The moons came and went, but in Lycaon's world, time had stood still since that fateful night.

He had become a part of the fringes of the Labyrinthos Forest. A lurking phantom, a wounded beast that even other animals avoided. He lived, if this flickering existence could be called living.

Hunger was just a mechanical contraction in an empty stomach. He used his calloused, broken-nailed fingers to dig through the damp earth under a rotten log to find a few earthworms, then put them in his mouth and chewed impassively. They had no taste, just like the dewdrops he licked from leaves each morning, just like the bitter roots he had to chew until his jaw ached. He ate only so that this body would not collapse.

His clothes were just filthy rags, clinging to his flesh. The left half of his face was a lumpy, contracted mass of burn scars, making his left eye seem permanently squinted in a perpetual grimace of pain. His broken leg had healed crookedly, making every step an agony. His eyes were empty, a bleak grey.

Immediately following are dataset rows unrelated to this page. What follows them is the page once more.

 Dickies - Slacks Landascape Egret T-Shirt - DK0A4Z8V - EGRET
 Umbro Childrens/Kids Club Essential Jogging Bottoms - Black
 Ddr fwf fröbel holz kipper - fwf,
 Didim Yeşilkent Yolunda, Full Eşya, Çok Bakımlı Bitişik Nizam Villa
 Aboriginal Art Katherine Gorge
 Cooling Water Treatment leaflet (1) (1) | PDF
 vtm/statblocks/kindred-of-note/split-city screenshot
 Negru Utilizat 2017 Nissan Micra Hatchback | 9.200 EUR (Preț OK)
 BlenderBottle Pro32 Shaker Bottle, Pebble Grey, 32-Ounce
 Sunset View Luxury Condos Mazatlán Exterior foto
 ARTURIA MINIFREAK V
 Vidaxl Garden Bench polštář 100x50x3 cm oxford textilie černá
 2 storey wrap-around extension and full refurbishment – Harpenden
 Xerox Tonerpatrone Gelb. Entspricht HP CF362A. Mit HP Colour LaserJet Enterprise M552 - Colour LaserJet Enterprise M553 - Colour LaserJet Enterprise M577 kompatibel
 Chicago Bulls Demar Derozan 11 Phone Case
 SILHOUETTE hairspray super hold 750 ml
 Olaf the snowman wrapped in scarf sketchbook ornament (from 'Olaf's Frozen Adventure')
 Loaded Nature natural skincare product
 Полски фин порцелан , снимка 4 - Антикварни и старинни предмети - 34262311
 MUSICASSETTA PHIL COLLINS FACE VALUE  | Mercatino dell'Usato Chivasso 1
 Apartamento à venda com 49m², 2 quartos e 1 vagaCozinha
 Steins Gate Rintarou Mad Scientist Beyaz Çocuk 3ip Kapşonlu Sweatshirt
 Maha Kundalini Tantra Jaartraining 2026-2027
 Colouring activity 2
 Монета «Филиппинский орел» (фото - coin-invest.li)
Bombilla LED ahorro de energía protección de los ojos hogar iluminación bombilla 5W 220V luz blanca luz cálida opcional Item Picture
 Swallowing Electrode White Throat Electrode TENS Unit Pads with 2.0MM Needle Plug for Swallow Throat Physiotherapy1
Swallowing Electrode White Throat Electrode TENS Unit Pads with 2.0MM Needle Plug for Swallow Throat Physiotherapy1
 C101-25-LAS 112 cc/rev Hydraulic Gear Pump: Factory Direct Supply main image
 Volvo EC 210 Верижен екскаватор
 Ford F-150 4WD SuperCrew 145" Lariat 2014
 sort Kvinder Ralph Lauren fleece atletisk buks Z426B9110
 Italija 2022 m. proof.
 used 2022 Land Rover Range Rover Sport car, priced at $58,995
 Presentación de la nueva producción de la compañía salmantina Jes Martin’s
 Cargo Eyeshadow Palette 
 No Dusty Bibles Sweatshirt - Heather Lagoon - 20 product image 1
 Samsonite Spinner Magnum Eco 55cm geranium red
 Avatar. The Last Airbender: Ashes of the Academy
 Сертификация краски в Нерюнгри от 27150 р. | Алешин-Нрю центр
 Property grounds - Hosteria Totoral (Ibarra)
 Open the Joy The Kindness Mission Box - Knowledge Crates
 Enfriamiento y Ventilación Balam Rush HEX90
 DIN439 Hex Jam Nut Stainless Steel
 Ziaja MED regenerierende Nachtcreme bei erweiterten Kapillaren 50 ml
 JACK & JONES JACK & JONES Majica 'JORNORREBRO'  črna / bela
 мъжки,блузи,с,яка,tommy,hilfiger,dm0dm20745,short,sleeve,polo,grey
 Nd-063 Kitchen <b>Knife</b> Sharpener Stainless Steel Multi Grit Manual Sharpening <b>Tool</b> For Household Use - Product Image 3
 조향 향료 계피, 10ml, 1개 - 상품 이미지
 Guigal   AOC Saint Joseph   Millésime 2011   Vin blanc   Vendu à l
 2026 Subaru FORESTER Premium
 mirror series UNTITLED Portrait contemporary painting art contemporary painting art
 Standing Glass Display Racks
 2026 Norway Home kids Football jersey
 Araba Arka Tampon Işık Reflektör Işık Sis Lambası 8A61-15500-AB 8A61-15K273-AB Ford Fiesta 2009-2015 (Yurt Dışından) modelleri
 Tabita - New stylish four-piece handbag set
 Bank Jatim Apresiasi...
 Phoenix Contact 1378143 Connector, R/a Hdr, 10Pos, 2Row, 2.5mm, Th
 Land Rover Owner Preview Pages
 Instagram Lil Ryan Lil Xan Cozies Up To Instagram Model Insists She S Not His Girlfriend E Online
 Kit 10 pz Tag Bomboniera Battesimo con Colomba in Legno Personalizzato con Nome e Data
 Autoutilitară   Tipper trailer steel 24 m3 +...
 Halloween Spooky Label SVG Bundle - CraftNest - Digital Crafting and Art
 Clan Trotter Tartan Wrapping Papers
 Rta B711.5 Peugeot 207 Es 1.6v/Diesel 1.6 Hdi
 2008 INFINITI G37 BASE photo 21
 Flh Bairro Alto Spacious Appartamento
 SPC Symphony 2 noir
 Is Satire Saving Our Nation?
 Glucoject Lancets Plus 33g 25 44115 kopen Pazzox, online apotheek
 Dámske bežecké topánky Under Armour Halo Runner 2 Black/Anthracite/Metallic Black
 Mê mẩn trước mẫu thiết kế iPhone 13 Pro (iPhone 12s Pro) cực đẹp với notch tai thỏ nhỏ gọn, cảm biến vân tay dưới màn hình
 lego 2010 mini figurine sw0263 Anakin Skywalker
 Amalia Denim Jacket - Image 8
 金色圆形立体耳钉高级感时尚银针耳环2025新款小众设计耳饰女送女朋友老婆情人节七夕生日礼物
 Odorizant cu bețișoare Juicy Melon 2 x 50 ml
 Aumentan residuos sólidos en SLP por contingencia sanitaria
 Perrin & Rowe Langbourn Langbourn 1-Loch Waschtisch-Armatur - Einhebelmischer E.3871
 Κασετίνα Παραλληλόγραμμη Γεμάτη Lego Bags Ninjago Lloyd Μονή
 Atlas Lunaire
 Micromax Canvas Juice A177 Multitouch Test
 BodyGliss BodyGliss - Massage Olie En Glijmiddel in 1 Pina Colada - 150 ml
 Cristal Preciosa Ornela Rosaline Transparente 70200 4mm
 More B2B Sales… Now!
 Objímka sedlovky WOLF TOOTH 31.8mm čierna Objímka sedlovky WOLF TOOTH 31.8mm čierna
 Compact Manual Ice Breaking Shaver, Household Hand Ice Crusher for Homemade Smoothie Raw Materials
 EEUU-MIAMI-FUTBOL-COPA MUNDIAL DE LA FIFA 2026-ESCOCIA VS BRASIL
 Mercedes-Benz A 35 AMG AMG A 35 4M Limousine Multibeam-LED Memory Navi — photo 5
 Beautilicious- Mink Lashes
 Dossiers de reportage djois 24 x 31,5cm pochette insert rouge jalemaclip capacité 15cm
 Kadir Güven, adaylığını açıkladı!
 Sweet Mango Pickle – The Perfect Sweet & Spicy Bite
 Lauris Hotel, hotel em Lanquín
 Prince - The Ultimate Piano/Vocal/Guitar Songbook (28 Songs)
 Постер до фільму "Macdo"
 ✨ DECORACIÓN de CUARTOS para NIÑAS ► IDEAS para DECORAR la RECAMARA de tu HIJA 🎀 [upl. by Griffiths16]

Occasionally, a sudden stimulus would drag him back to hell. A sunbeam piercing through the leaves would recall the fire. The sharp crack of a dry branch would become the sound of a shattering roof beam. The images, sounds, and smells would flood back, but he would not scream. He would just sit motionless, his body tensed, enduring the torment of memory until it passed.

One cold, drizzly night, the loneliness and the pain, both physical and mental, reached a breaking point. He sat by a stream, looking at his reflection in the water—a monster. Death appeared as a sweet release, a way to end this earthly nightmare. He wanted to be reunited with them.

He slowly stepped into the icy water, letting it swallow him.

But in that very moment, Lyra's cry from that horrific night echoed in his head, so clearly he thought it was right beside him. "Big brother, save me!"

He suddenly realized. If he died, her cries would die with him. The memory of his father, his mother, of Aella, of Lyra... would vanish forever. There would be no one left in this world who knew they had ever existed, had ever loved, and had been so cruelly taken away.

He didn't live for revenge; his will was broken. He lived "not to forget." He was the last witness, the living tomb of his entire family. He had to keep breathing, just to keep their memory from being erased from the world.

He staggered out of the water, collapsed onto the muddy bank, curled up, and wept without a sound.

After finding a reason to exist, however tragic, he continued his aimless life. One day, he wandered into some old ruins and witnessed a girl surrounded by a group of hungry, aggressive wanderers.

He intended to walk away. But then he saw one of the wanderers snatch a small wooden bird from the girl's neck and throw it to the ground. "Useless thing!" the man roared, then raised his foot, about to crush it.

In that instant, the image of Lyra's straw doll, the image of his family's destruction... exploded in his mind.

The protective instinct of an older brother, though buried under layers of ash, rose again. He charged. His attack was swift and brutal. He was a beast, not a warrior. He used a sharp-edged rock he found in the rubble, aiming for the most vital points to end the threat.

When it was all over, he returned to his soulless state. He intended to leave.

"Wait..."

The girl's voice, faint and trembling, called out. He spun around, his eyes flashing with a savage look.

The girl, though terrified, still recognized that he too was a victim. She saw the blood seeping from his old wounds. The compassion of a fellow survivor overcame her fear. She tore a strip of cloth from her old dress.

She approached cautiously. When Lycaon growled like a wounded animal, she stopped. She just stood there, holding out the clean piece of cloth toward him. A simple, wordless gesture, yet it held pure care.

Lycaon froze.

For the first time in a long, long time, an emotion other than pain and emptiness—a flicker of surprise, of disbelief—crept into his deadened mind.

In his grey, bleak world, a speck of color suddenly appeared.